RECHTBANK NOORD-NEDERLAND

Afdeling strafrecht
Locatie Groningen
parketnummer 18/830259-18
Vonnis van de meervoudige kamer voor de behandeling van strafzaken d.d. 1 maart 2019 in de zaak van het openbaar ministerie tegen de verdachte

[verdachte],

geboren op [geboortedatum] 1979 te [geboorteplaats],
wonende te [straatnaam], [woonplaats],
thans gedetineerd te PI Leeuwarden.
Dit vonnis is gewezen naar aanleiding van het onderzoek ter terechtzitting van 15 februari 2019.
Verdachte is verschenen, bijgestaan door mr. Y. Bouchikhi, advocaat te Utrecht.
Het openbaar ministerie is ter terechtzitting vertegenwoordigd door mr.
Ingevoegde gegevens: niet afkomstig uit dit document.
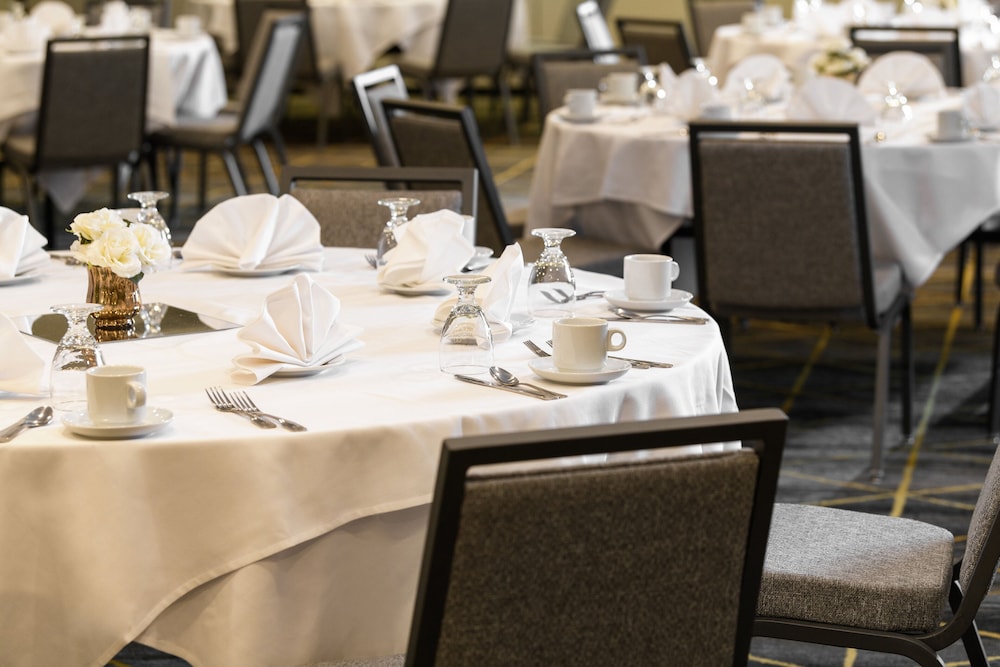 Holiday Inn & Suites Oakland Airport by IHG - photo 58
G. Wilbrink.

Tenlastelegging

Aan verdachte is, na wijziging van de tenlastelegging, ten laste gelegd dat:
1.
hij op of omstreeks 24 oktober 2018 te Groningen, een (aantal) vuurwapen(s) van categorie III, onder 1 van de Wet wapens en munitie, te weten een pistool (merk Walther) en/of een revolver (merk Zastava) en/of munitie van categorie III van de Wet wapens en munitie, te weten 14 (kogel)patronen, voorhanden heeft gehad;
(artikel 26 lid 1 Wet wapens en munitie)
2.
hij op of omstreeks 24 oktober 2018 te Groningen, opzettelijk aanwezig heeft gehad, een hoeveelheid (te weten 51,7 gram) van een materiaal bevattende heroïne, zijnde heroïne een middel als bedoeld in de bij de Opiumwet behorende lijst 1;
(artikel 2 onder C Opiumwet)
3.
hij op of omstreeks 24 oktober 2018, te Groningen, een goed, te weten een jas van de nationale politie, voorhanden heeft gehad, terwijl hij ten tijde van de verwerving of het voorhanden krijgen van dit goed wist, althans redelijkerwijs had moeten vermoeden, dat het een door misdrijf verkregen goed
betrof
(artikel 416 lid 1 onder a subs. artikel 417bis lid 1 onder a Wetboek van Strafrecht)
4.
hij op of omstreeks 2 oktober 2018 te Groningen, (althans) in Nederland, ter uitvoering van het door verdachte voorgenomen misdrijf om een ander, te weten [slachtoffer] (medewerker bij de afdeling Veiligheidszaken Kantoren van de [benadeelde partij].), door geweld of enige andere feitelijkheid en/of door bedreiging met geweld of enige andere feitelijkheid gericht tegen die ander, wederrechtelijk te dwingen iets te doen, niet te doen en/of te dulden, te weten het deblokkeren van zijn, verdachtes, bankrekening en/of hem, verdachte te laten beschikken over geld, door tegen voornoemde [slachtoffer] te zeggen: “Ik wil wel mijn geld hebben”, “Moet ik de [benadeelde partij] gaan overvallen? Ik doe het zo hoor” en/of “Als jullie mijn geld niet willen geven dan ga ik ook maatregelen nemen
en/of “Ik ga lekker de [benadeelde partij] een nep bommelding geven”, “Ik heb al een strafblad van hier tot gunter”, “Ik werk jullie tegen”, terwijl de uitvoering van dat voorgenomen misdrijf niet is voltooid;
(artikel 284 lid 1 juncto artikel 45 Wetboek van Strafrecht)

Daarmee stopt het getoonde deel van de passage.